The reduction in the total expense ratio and the switch to mid-month dividends are measures aimed at enhancing investors' actual returns and providing greater flexibility for reinvestment strategies. The annual expense ratio of 0.19% is relatively low among high-dividend ETFs listed in Korea, establishing a fee structure that minimizes the burden on investors. The mid-month dividend structure is expected to have a positive effect for both long-term investors and those managing pension accounts, as it allows for more flexible timing of reinvestment of distributions.
The KIWOOM High Dividend ETF tracks the "MKF Wealth High Dividend 20 Index," selecting companies that have posted net profits for the past four consecutive years, have a dividend payout ratio below 90%, and have actually paid cash dividends.

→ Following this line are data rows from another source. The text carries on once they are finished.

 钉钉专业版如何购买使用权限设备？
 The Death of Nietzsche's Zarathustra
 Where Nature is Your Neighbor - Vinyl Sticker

This high-conviction ETF focuses exclusively on the 20 stocks with the highest dividend yields.
Approximately 60% of all holdings are financial stocks in high-dividend sectors such as banking, insurance, and securities. This composition naturally aligns with the current trend in the market, where high-dividend, financial-sector-focused ETFs are leading the way, driven by government policies such as the introduction of separate taxation on dividend income, amendments to the Commercial Act, and strengthened shareholder return initiatives. These policy trends are expected to further benefit such ETFs in the future.
It is also noteworthy that, due to its strict selection criteria, the ETF has not experienced a reduction in dividends per share over the past three years. Over the past year, the ETF has delivered a dividend yield of approximately 4.99%, providing stable cash flow, and has demonstrated outstanding competitiveness in terms of performance.
According to financial information provider FnGuide, as of July 14, the KIWOOM High Dividend ETF has posted returns of 18.78% over one month, 53.35% over six months, and 53.98% year-to-date. It has maintained strong performance across major return intervals among domestic equity high-dividend ETFs. The product is emerging as a practical alternative for investors seeking both dividend income and market returns.
A representative from Kiwoom Asset Management stated, "The domestic dividend investment environment is gradually improving in line with the government's capital market policies, including amendments to the Commercial Act, the introduction of separate taxation on dividend income, and incentives to increase dividends."
The representative added, "With the revision of the foreign tax credit system and the push for legislation related to Section 899 of the U.S. tax code, psychological barriers to investing in U.S. ETFs are rising. As a result, demand for domestic equity ETFs, including domestic high-dividend ETFs, is expected to increase further."